Exercise description: Transcribe each line below verbatim; pictures excluded.

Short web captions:
---+---
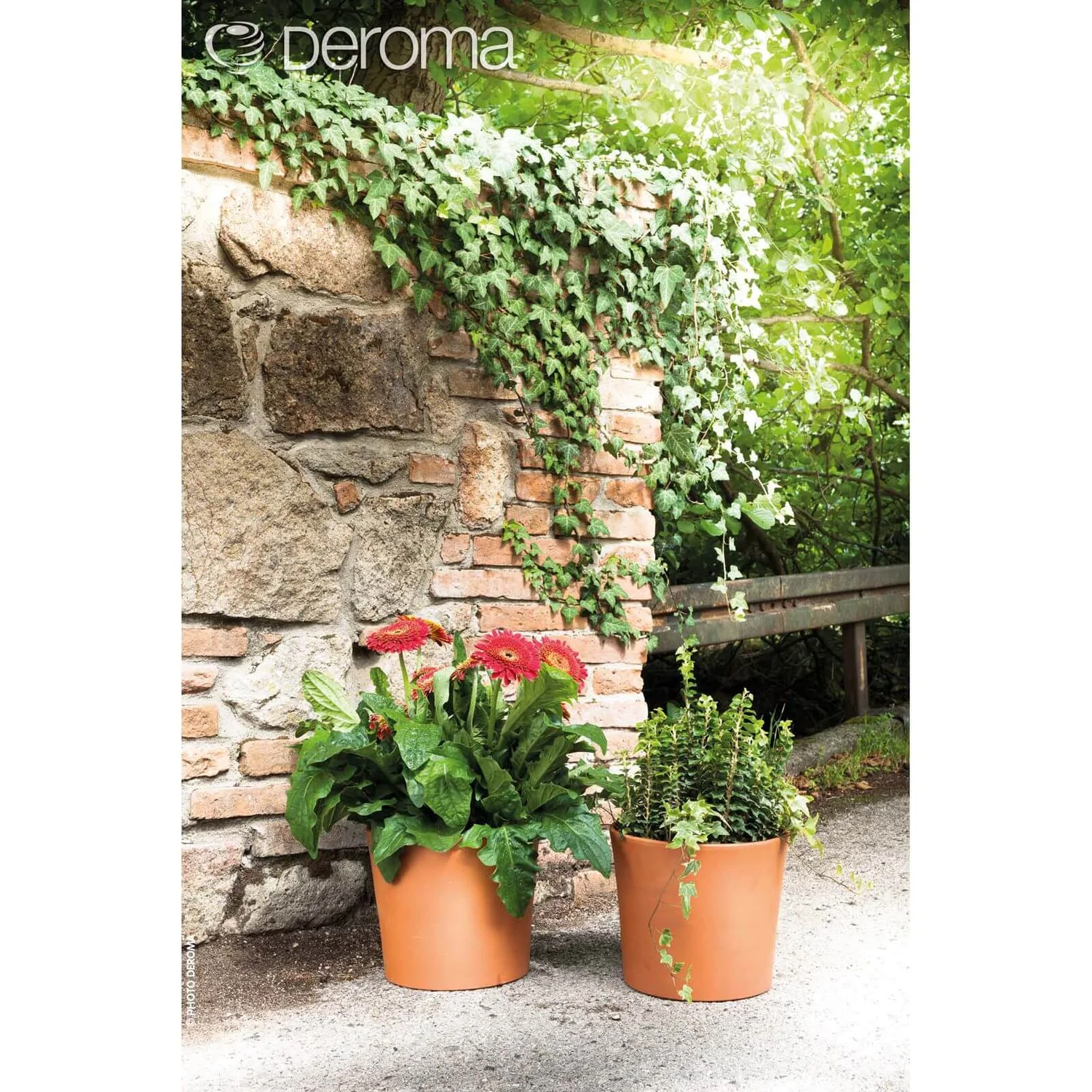 Deroma Terracotta Border Cylinder Plant Pot - 28cm 2 Deroma Terracotta Border Cylinder Plant Pot - 28cm - Image 2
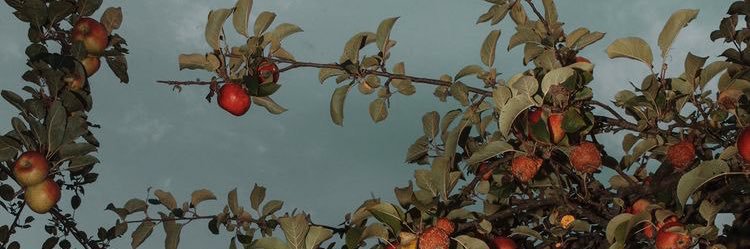 astrodonut__'s profile banner image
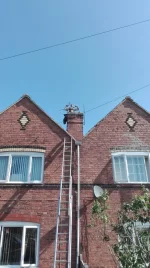 If carlsberg did jobs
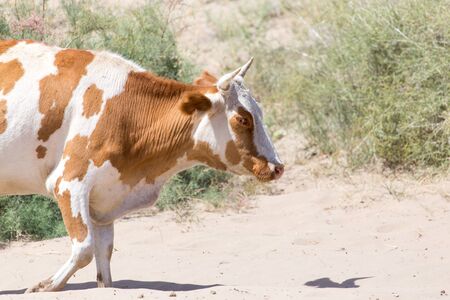 cow in the sands of the steppeの写真素材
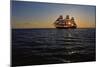 Square Rigger; Sail Race, Operation Sail Tall Ships; Sail Training Association; US Bi…, 1976 (Photo-Kenneth Garrett-Mounted Giclee Print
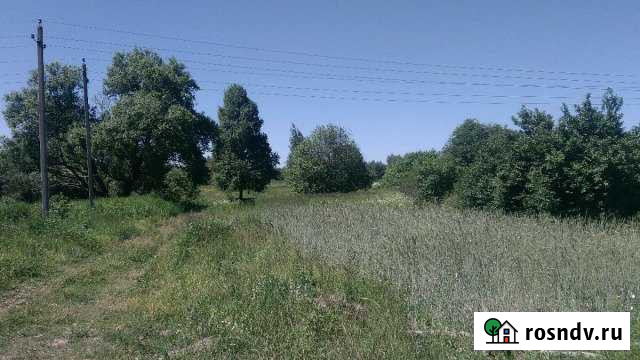 Участок ИЖС 30 сот. на продажу в Добруне Добрунь - изображение 1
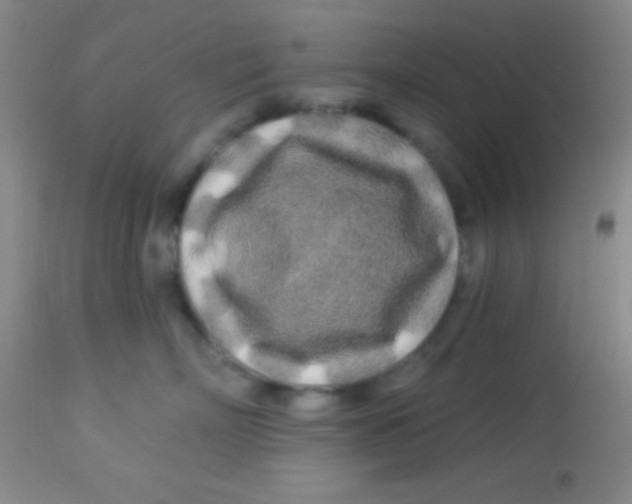 X0000112890718200909181912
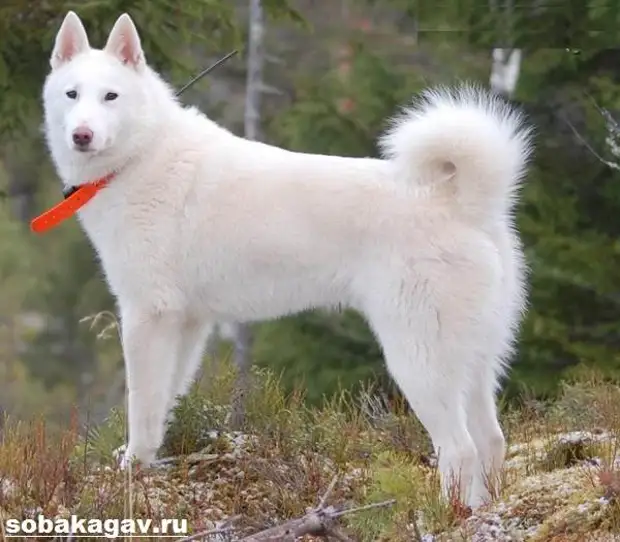 Западно-сибирская лайка собака. Описание, особенности, уход и цена породы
---+---
Task response:
 Deroma Terracotta Border Cylinder Plant Pot - 28cm 2 Deroma Terracotta Border Cylinder Plant Pot - 28cm - Image 2
 astrodonut__'s profile banner image
 If carlsberg did jobs
 cow in the sands of the steppeの写真素材
 Square Rigger; Sail Race, Operation Sail Tall Ships; Sail Training Association; US Bi…, 1976 (Photo-Kenneth Garrett-Mounted Giclee Print
 Участок ИЖС 30 сот. на продажу в Добруне Добрунь - изображение 1
 X0000112890718200909181912
 Западно-сибирская лайка собака. Описание, особенности, уход и цена породы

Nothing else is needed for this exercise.